Those unemployed coal miners are also, btw, prime victims of opiod addiction, which means they understand both Hunter Biden’s drug issues and the difficulties his family has gone through.

Dear Leader may be losing his touch.


And if Trump and his merry crew are too dense to figure it out, the rest of the GOP, as Pat Bagley (SL Tribune) suggests, is beginning to recognize what is coming.

Bagley has it right — they’ve been hip-deep in that swamp Trump promised to drain, stuffing money into their pockets as fast as they could, and it’s too late to get out of the way now.


As with the aforementioned Foxxconn story, I find it hard to avoid laughing, though I realize a lot of people were counting on the whole thing working out. But there is a level of “I told you so” here that, while hardly ennobling to bring up, seems irresistible as well.

Nick Anderson (WPWG) doesn’t quite call it the Wrath of God but he does cite the Almighty’s Big Book of Wise Sayings in suggesting that you reap what you sow, and perhaps predicting that these dogs will returneth to their folly.


But, at the moment, it seems some of those victims of the con will remain chastened long enough to make a change on Nov. 3, a prospect which ought to scare the hell out of Republicans, though, as Bill Bramhall (NYDN) puts it, the GOP still doesn’t seem to see the connection between what people care about and how people vote.

Nobody gives a damn about Hunter Biden’s laptop. Nobody wants to watch Dear Leader stomp out of a 60 Minutes interview.

The only people eating this stuff up are the hardcore Deplorables who were going to support Trump come Hell or high water anyway.


And Steven Camley (The Herald Scotland) anticipates that he’ll find one more way to further make a public spectacle of himself before the final votes are counted.

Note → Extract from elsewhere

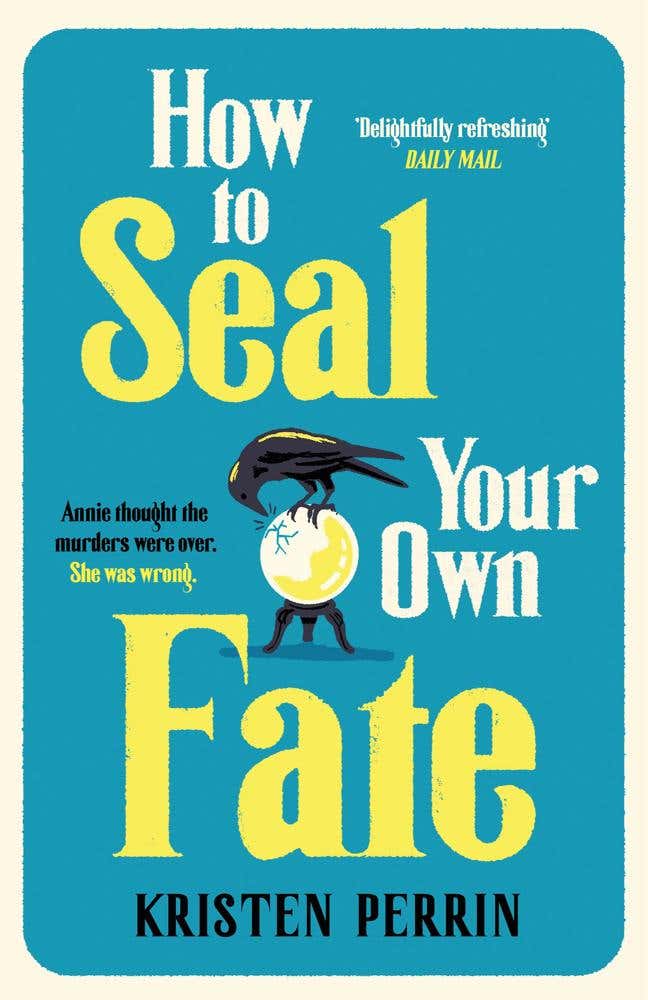 How To Seal Your Own Fate (castle Knoll Files Book 2)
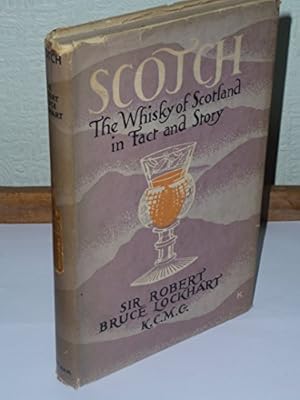 Bild des Verkufers fr Scotch: The whisky of Scotland in fact and story zum Verkauf von WeBuyBooks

I haven’t voted yet. As a poll-worker, I’ll grab my chance that day. But it’s not like anything is going to change my mind in the next two weeks, and I’m beginning to share Edison Lee (KFS)’s envy of those who just tune it all out.

But others are smartening up. We’ll see.







6 thoughts on “CSotD: Hot Air and Horsepuckey

  1. “I haven’t voted yet. As a poll-worker, I’ll grab my chance that day. ”

    I’m 46, and was gripped with fear that something would happen to me until I was sure my ballot had been deposited.

  2. I voted by mail three weeks ago. We’ll see how that works. There’s no way Trump can win where I live without “disappearing” half the state’s Democratic votes, so I’m not too worried. I once lived in central Wisconsin, (much of my family still does) and I’m not surprised that they got scammed by Foxconn. Funny how that state used to be the heart and soul of the Progressive movement; I guess Trump/Scott is what happens when you start taking things for granted.

  3. Oh – THAT Foxconn – at first I thought it was gonna be about a certain network’s “fair and balanced news.”

  4. It’s best to vote as early as possible in case an unforseen personal emergency occurs on election day.

  5. The Foxxconn deal reminds me of when Boeing held the state of Washington hostage for a tax deal. And what did we get out of it?Three hundred jobs, and they still moved the headquarters to Chicago, and some manufacturing to South Carolina and China. These deals never pay off, IMHO.